Think of it like a busy kitchen. A ticket printer spits out orders, and line cooks pull them. If a cook drops a plate halfway through and nobody crosses the ticket off, the expeditor calls it again. The kitchen makes the dish twice. That's at-least-once delivery: better to send an extra plate to the pass than to lose an order entirely.
Most engineers want exactly-once delivery: every message processed one time, no more, no less. The problem is that exactly-once requires coordination between the broker and the worker that is extremely hard to achieve in practice. The broker needs to know the worker finished, and the worker needs to know the broker won't send the message again. In a distributed system where either side can crash, restart, or lose a network connection at any moment, that coordination breaks down.
What you actually get in most systems is one of two alternatives:
At-least-once is the default in SQS, Celery with acks_late=True, Google Cloud Tasks, and most durable workflow engines like Temporal. It's the pragmatic choice for pipelines where losing a task is worse than doing it twice.
Duplicates are not some theoretical edge case. Three scenarios produce them regularly:
Worker crash mid-processing. A worker picks up a message, starts an expensive OCR extraction, and gets OOM-killed halfway through. The broker never received an acknowledgment, so it redelivers the message to another worker. Now two attempts exist: one partial (dead), one fresh.
Visibility timeout expiry. In SQS, when a worker receives a message, that message becomes invisible to other consumers for a configurable window (the visibility timeout).
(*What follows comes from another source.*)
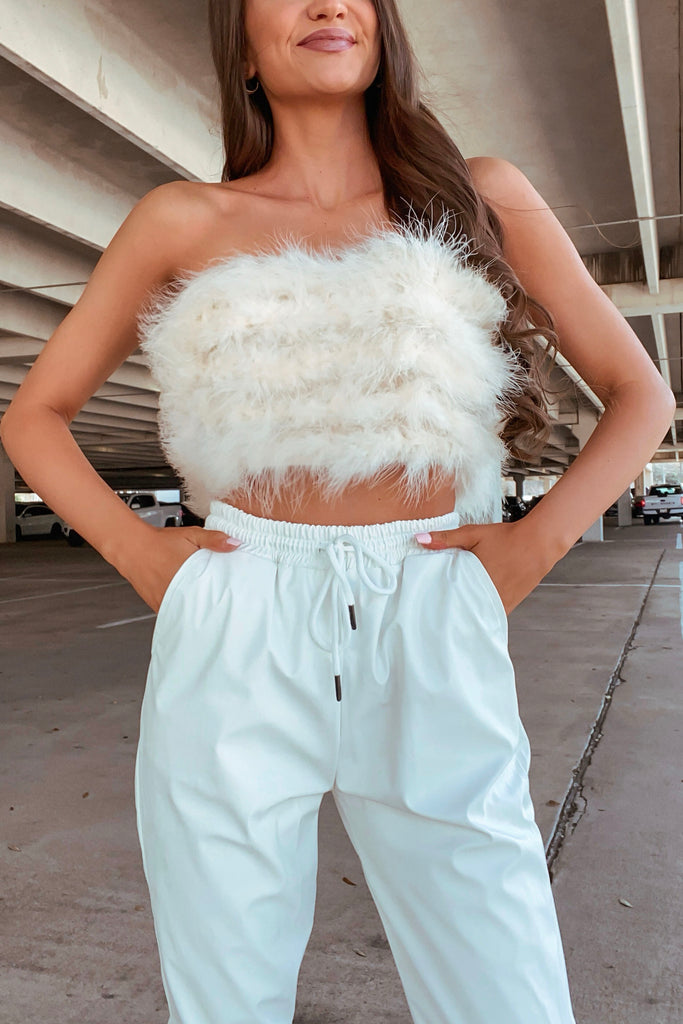 Beige Feathered Top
If your AI pipeline task takes longer than expected—say a large PDF triggers a slow embedding model—the timeout expires and SQS hands the message to a second worker while the first is still running.
Late acknowledgment. The worker finishes the job and sends an ack, but the network blips. The broker assumes the worker failed and redelivers. The work was already done, but the queue doesn't know that.
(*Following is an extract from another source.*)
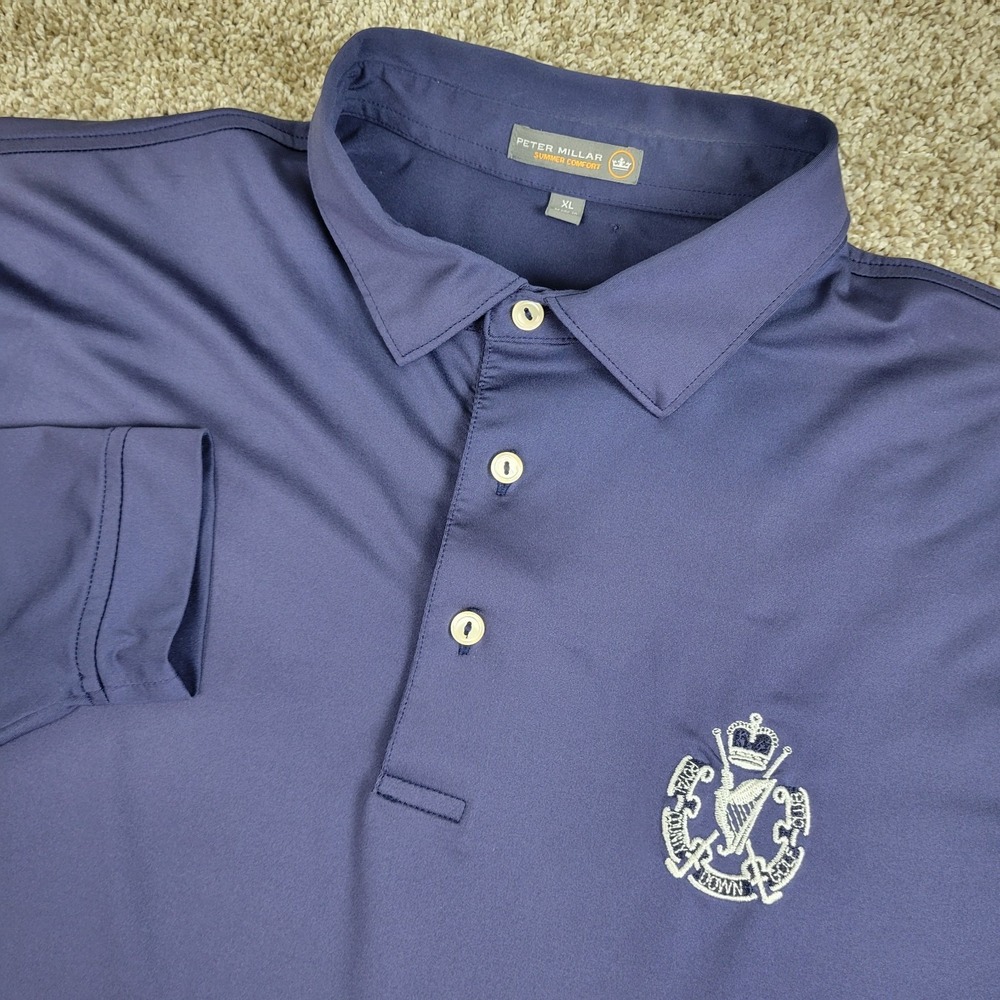 Peter Millar Summer Comfort Royal County Down Mens XL Navy Performance Polo LS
All three scenarios result in the same task being executed more than once.
Idempotency means that running an operation multiple times produces the same result as running it once. Back to the kitchen: if you've already plated the risotto and it's sitting under the heat lamp, you don't fire a second one just because the ticket printed again. You check the pass first. Same idea in code.
The most common pattern is an idempotency key—a unique identifier derived from the input that you check before doing expensive work:
def process_document(task: dict):
idempotency_key = f"doc:{task['document_id']}:v{task['version']}"
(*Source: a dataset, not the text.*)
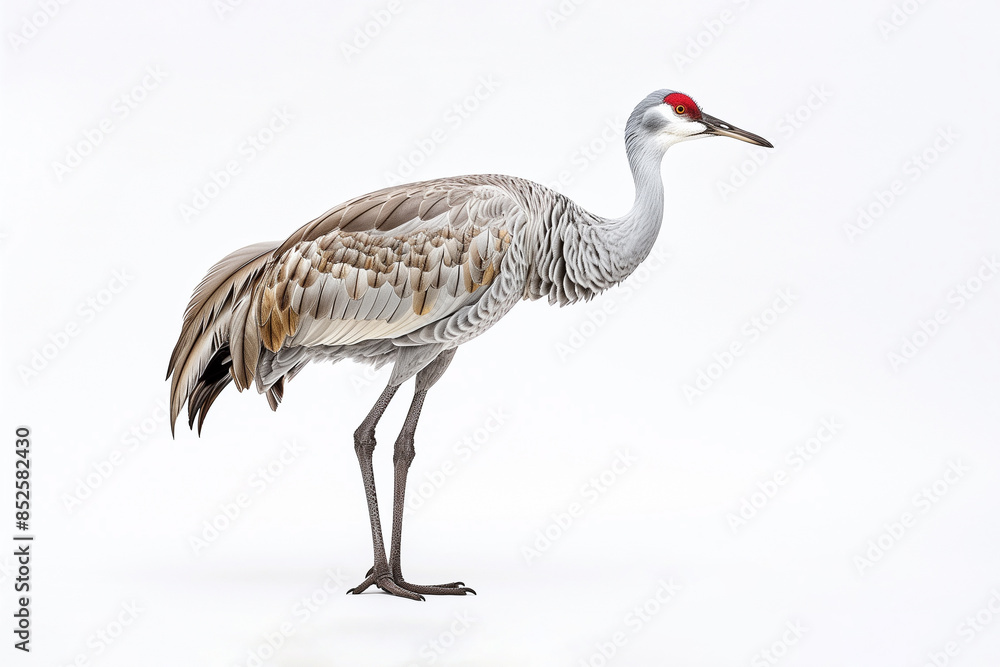 Obraz premium Sandhill crane with gray plumage and red crown, standing tall on white background.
if store.exists(idempotency_key):
return # Already processed, skip
chunks = split_and_embed(task["content"]) # Expensive LLM call
vector_db.upsert(task["document_id"], chunks)
store.set(idempotency_key, ttl=86400) # Mark as done
The key is derived from the document ID and version so that a legitimate re-processing (new version) still runs, but a duplicate delivery of the same version gets caught. The TTL on the key keeps your idempotency store from growing forever.
This is not clever. It's a few lines of code. But it's the difference between paying for one embedding call and paying for three because a worker got slow under load.
When you combine at-least-once delivery with retry policies and a dead-letter queue, message flow looks like this:
The dead-letter queue (DLQ) is not where messages go to die. It's a throughput protection mechanism. Without it, a poison message—a malformed PDF, an input that consistently crashes your OCR service—cycles through the queue forever, consuming worker capacity and blocking healthy tasks behind it. The DLQ catches these after a configured number of retries and moves them aside so the rest of the pipeline keeps flowing. You review them later, fix the root cause, and replay if needed.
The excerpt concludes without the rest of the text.